Dampak Pemangkasan Anggaran MBG : Kualitas Gizi di Ujung Tanduk
Pemangkasan anggaran Program Makanan Bergizi (MBG) menjadi Rp10.000 per porsi memunculkan kekhawatiran baru. Dengan nominal sekecil itu, mampukah program ini memenuhi kebutuhan gizi anak-anak Indonesia? Di tengah perjuangan mengatasi masalah stunting dan ketimpangan akses pangan, kebijakan ini menjadi perbincangan hangat di berbagai kalangan.

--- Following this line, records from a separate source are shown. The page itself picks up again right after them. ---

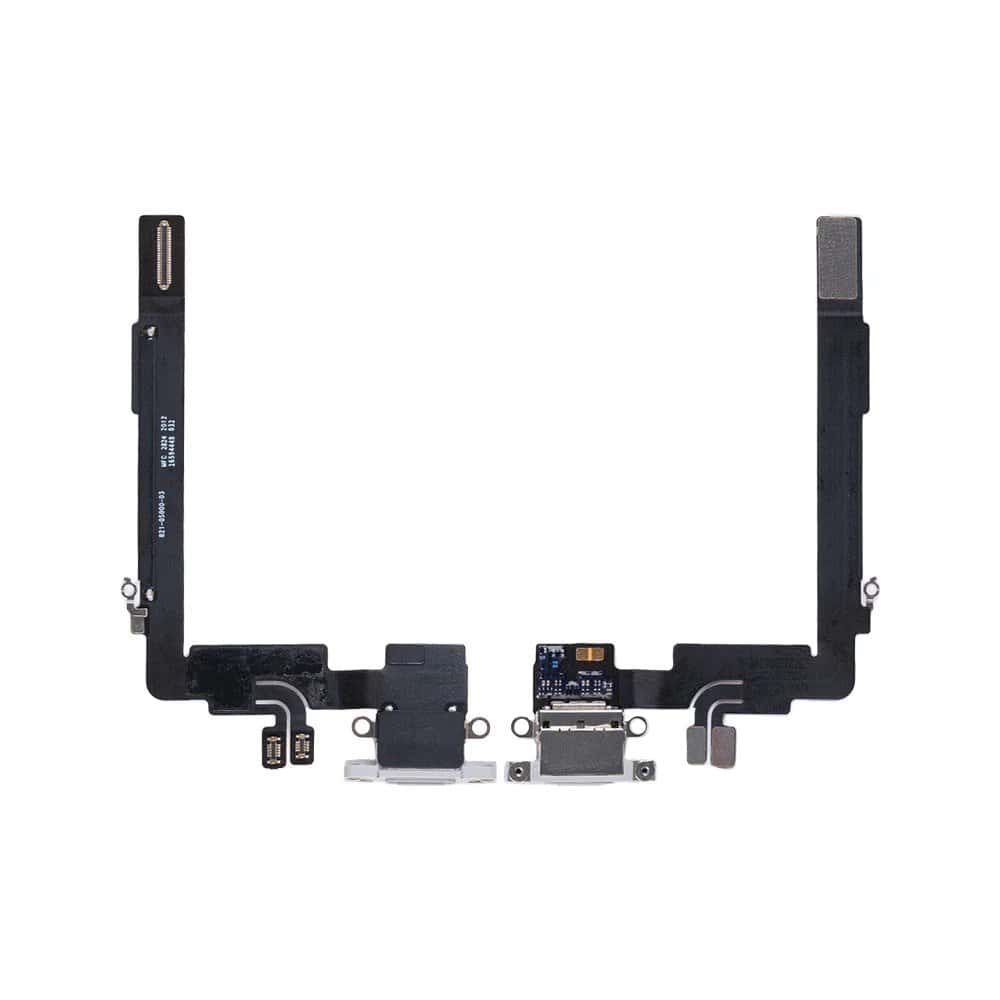 iPhone 16 Pro Max Compatible Charging Port ORG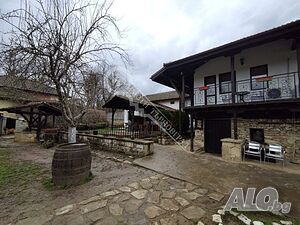 image_2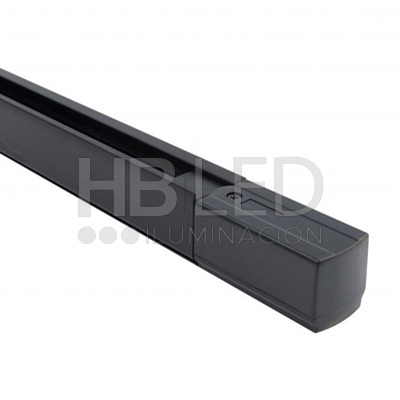 2 Metros De Riel Energizado Monofásico (SKU:71110002-71120001) https://www.hbled.cl/wp-content/uploads/2024/10/2-Metro-de-riel-energizado-de-monofasico-negro-2.jpg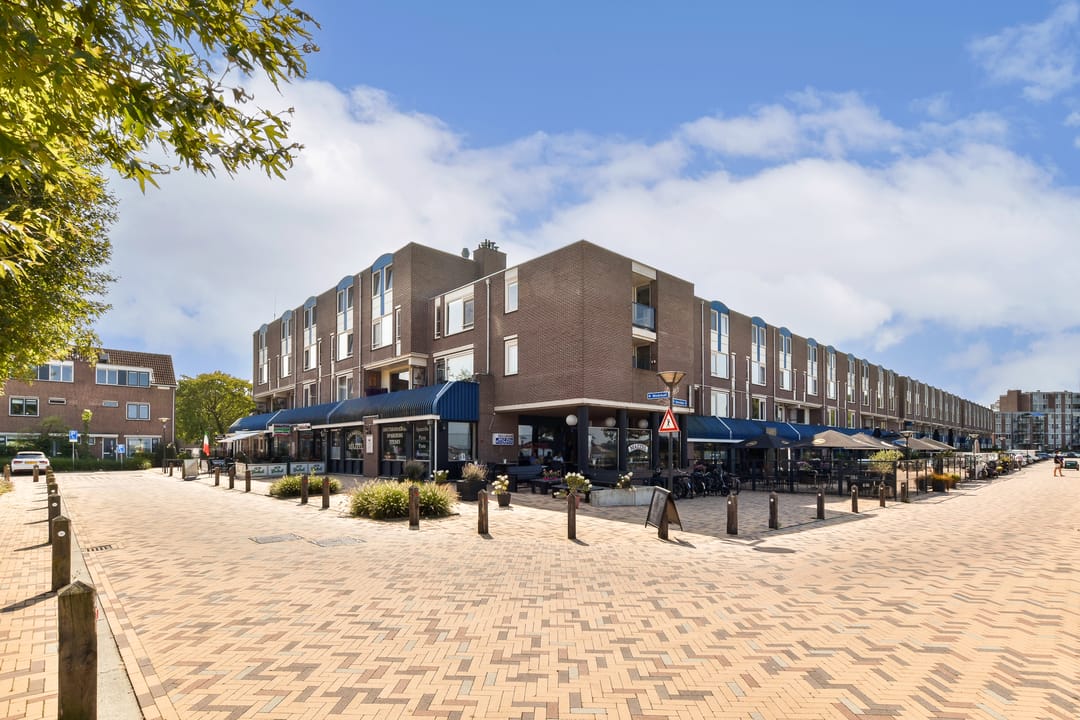 Foto 1 van Wedekuil 51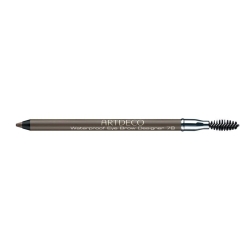 Artdeco Eye Brow Designer Waterproof 2800.78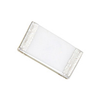 Fuses - 5923-C1F1TR-ND - DigiKey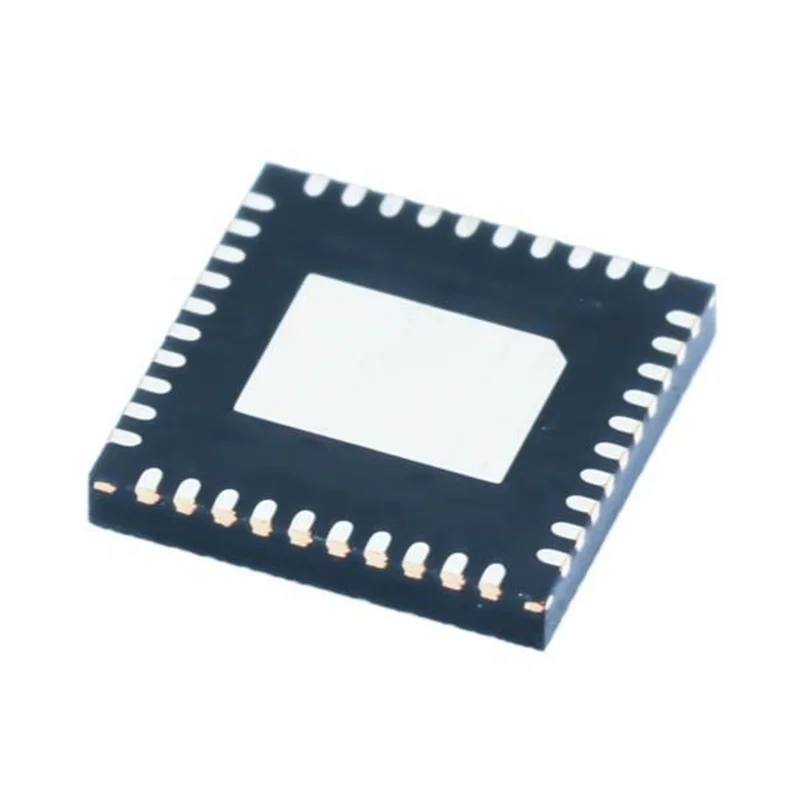 

DRV8308RHAR Original New IC BOM One-stop Purchase Spot Goods 100% New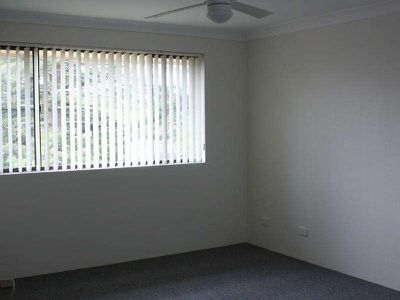 7 / 40 Little Street, Forster
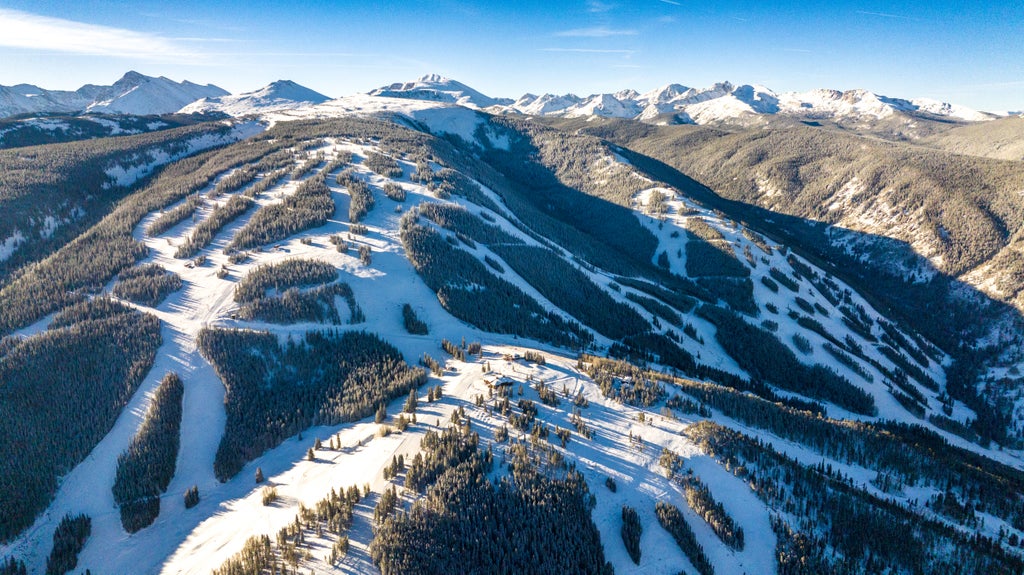 Beaver Creek_Slope_Peaks_(c): Beaver Creek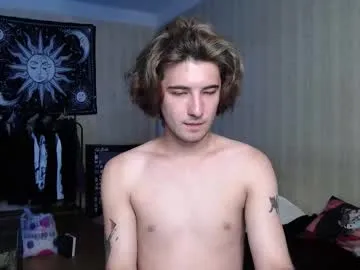 Lisa_richards – webcam model profile photo Image 11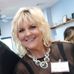 Kathy Ponce - Facebook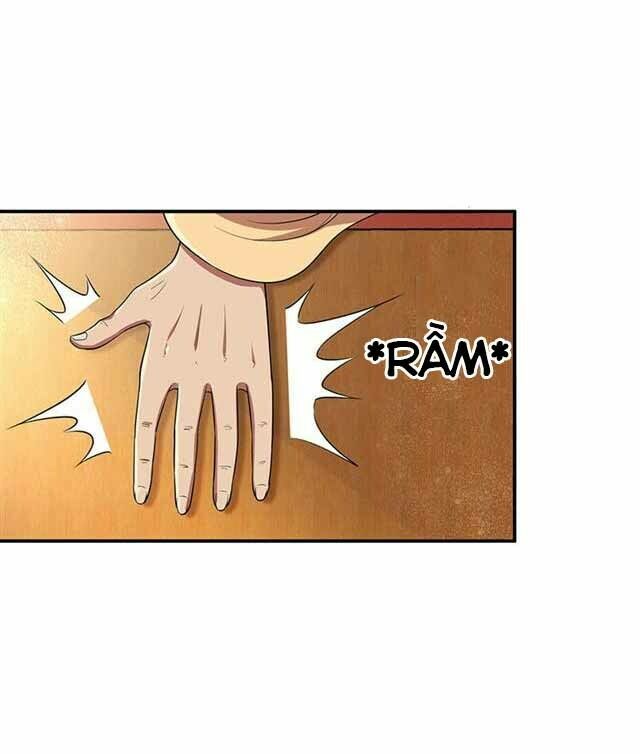 cuồng nữ trọng sinh - hoàn khố thất hoàng phi chapter 70 15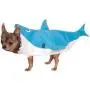 Rubies Shark Pet Costume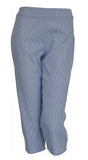 PANTALONI DONNA EMANUELA COSTA ART. 4705 444 18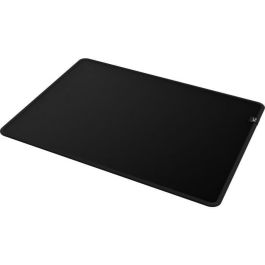 HyperX Pulsefire Mat - Alfombrilla de ratón gaming en tela, tamaño L, 4Z7X4AA HyperX Pulsefire Mat - Alfombrilla de ratón gaming en tela, tamaño L, 4Z7X4AA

Tantangan Distribusi dan Harga di Daerah Terpencil
Masalah utama yang muncul adalah disparitas harga bahan pokok antara Jawa dan luar Jawa. Bhima Yudhistira, Direktur Eksekutif Celios, menjelaskan bahwa daerah seperti Papua, Maluku, dan Nusa Tenggara menghadapi tantangan logistik yang kompleks.

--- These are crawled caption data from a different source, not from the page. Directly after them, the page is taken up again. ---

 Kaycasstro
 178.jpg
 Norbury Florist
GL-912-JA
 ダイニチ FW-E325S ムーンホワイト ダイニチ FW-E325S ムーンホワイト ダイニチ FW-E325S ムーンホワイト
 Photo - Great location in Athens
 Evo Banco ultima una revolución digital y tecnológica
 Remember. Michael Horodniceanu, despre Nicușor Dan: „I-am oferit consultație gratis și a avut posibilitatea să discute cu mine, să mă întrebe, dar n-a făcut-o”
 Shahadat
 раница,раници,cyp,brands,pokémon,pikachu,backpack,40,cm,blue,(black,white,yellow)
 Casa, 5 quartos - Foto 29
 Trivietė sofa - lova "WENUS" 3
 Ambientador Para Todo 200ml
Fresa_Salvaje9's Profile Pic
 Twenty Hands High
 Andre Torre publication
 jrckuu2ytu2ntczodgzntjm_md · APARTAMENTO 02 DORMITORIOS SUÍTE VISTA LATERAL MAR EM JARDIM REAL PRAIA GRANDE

“Biaya logistik dan distribusi di luar Jawa jauh lebih tinggi, sehingga alokasi Rp10.000 per porsi hampir mustahil mencukupi kebutuhan gizi anak-anak,” katanya.

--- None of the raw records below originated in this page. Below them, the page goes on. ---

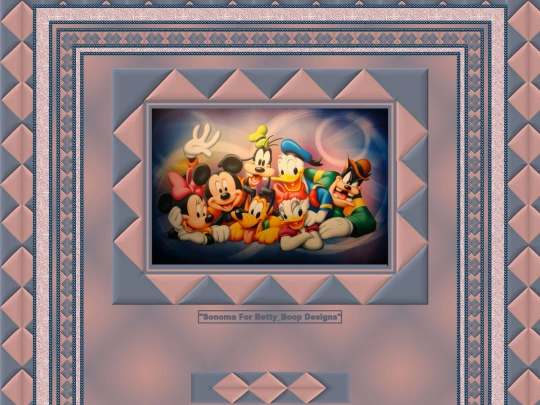 CartoonCharacters/pg13 screenshot
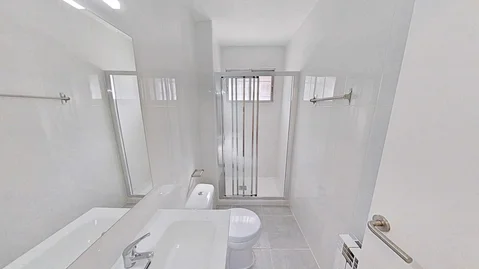 Piso en Barrio Entrevías - Foto 24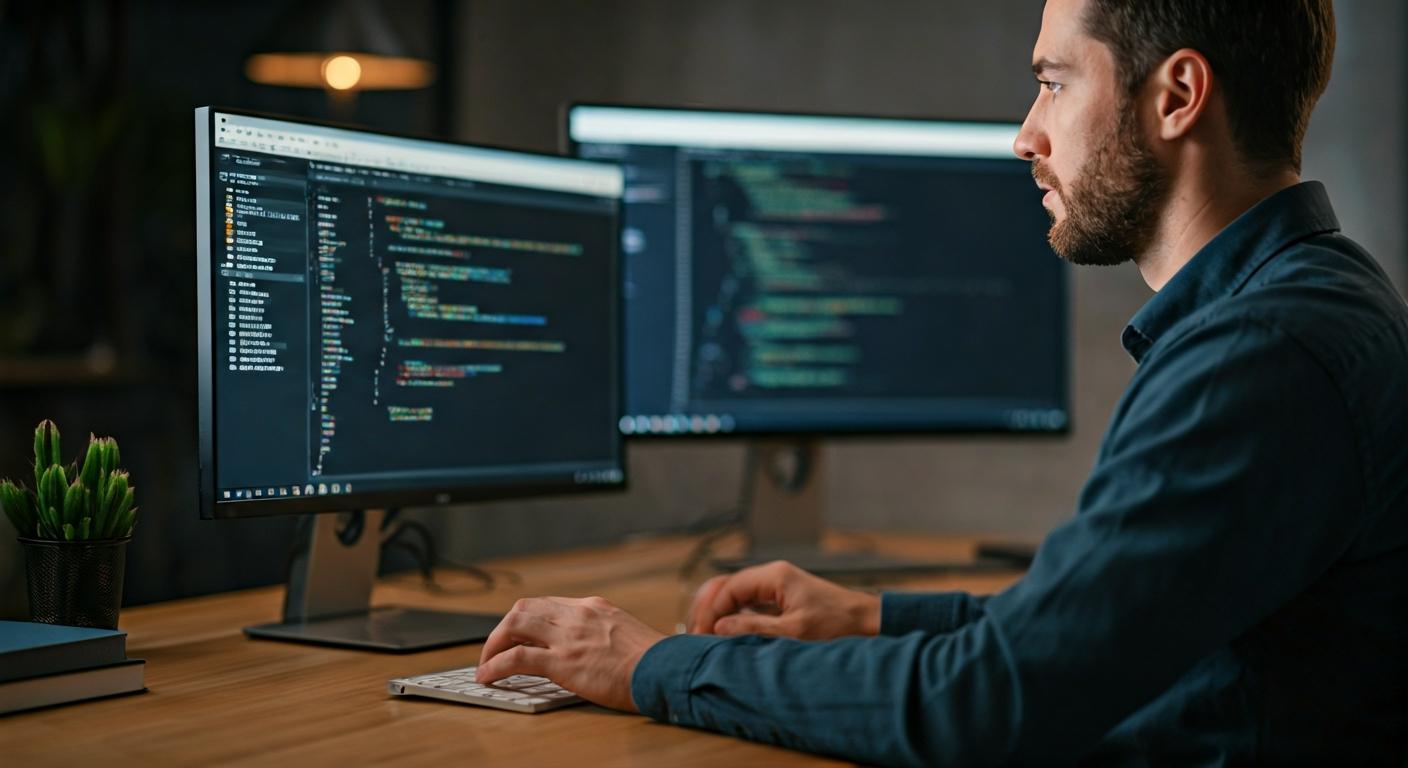Comprendiendo el propósito y alcance ⁤de Openclaw⁣ npm ⁤Package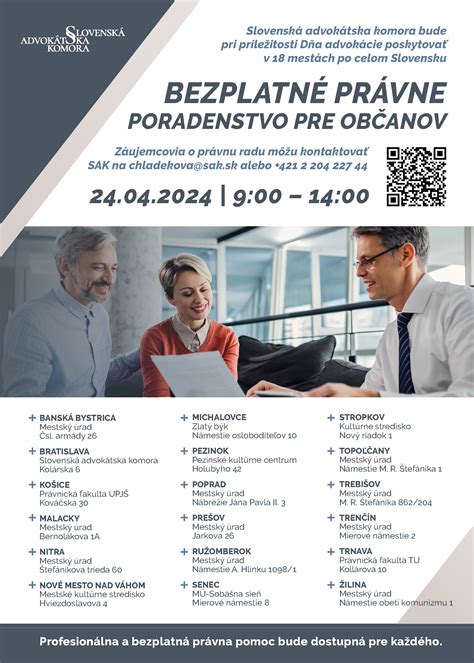 Právne poradenstvo pre odškodnenie v Spojenom kráľovstve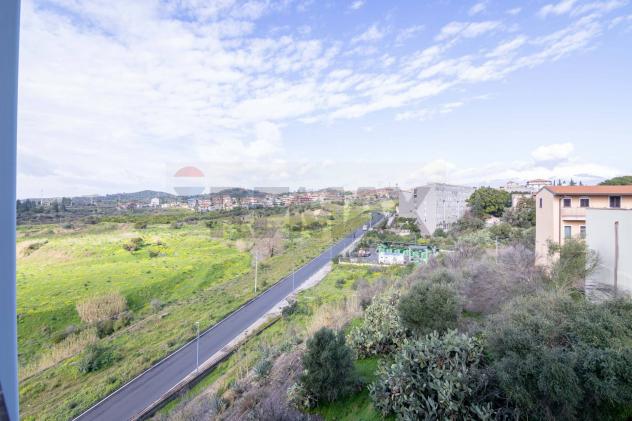 Appartamento in vendita a Catania, San Giorgio - Foto 13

Bhima menambahkan, beban lain seperti biaya pengawasan dan birokrasi semakin menyulitkan pengelolaan anggaran. Kondisi ini menciptakan jurang ketimpangan gizi yang dikhawatirkan semakin melebar, terutama di wilayah terpencil.
Untuk mengatasi masalah ini, Bhima menyarankan pemerintah memulai program dengan anggaran yang lebih realistis, yaitu Rp15.000 hingga Rp20.000 per porsi, fokus pada daerah 3T (tertinggal, terdepan, terluar).
Data menunjukkan bahwa 44.282 sekolah dasar berada di wilayah-wilayah prioritas ini, mencakup sekitar 30% dari total SD di Indonesia. Dengan cara ini, dampak program dapat terasa nyata di daerah-daerah yang paling membutuhkan.
Kreativitas di Tengah Keterbatasan Anggaran
Media Wahyudi Askar, Direktur Kebijakan Publik Celios, mengusulkan pendekatan kreatif untuk mengatasi tantangan anggaran. Salah satu langkah strategis adalah membatasi penerima manfaat hanya pada anak-anak dari keluarga miskin atau wilayah dengan prevalensi stunting tinggi.
“Daripada menurunkan kualitas makanan, lebih baik fokus pada kelompok yang benar-benar membutuhkan,” tegasnya.
Selain itu, kolaborasi dengan sektor swasta menjadi opsi menarik. Produsen bahan pokok dan pengusaha makanan bisa dilibatkan untuk menyediakan bahan berkualitas dengan harga bersubsidi. Pengelolaan berbasis komunitas, seperti dapur umum yang melibatkan warga lokal, juga dapat memangkas biaya operasional sekaligus memperkuat rasa kebersamaan masyarakat.
Transparansi: Kunci Keberhasilan Program
Di tengah anggaran yang terbatas, efektivitas pengawasan menjadi sangat penting. Pemerintah perlu memastikan setiap rupiah yang dialokasikan benar-benar sampai ke penerima manfaat. Pelaporan berbasis digital yang dapat diakses publik menjadi salah satu solusi untuk memastikan transparansi dan akuntabilitas.
Melangkah ke Depan: Program untuk Masa Depan Bangsa
Program MBG lebih dari sekadar angka dalam anggaran; ini adalah upaya nyata untuk menciptakan generasi yang sehat dan produktif. Di tengah berbagai keterbatasan, inovasi, kolaborasi, dan pengelolaan yang transparan adalah kunci untuk menjaga visi besar ini tetap hidup. Penurunan anggaran harus menjadi tantangan untuk berbuat lebih baik, bukan alasan untuk menyerah pada kualitas hidup anak-anak Indonesia.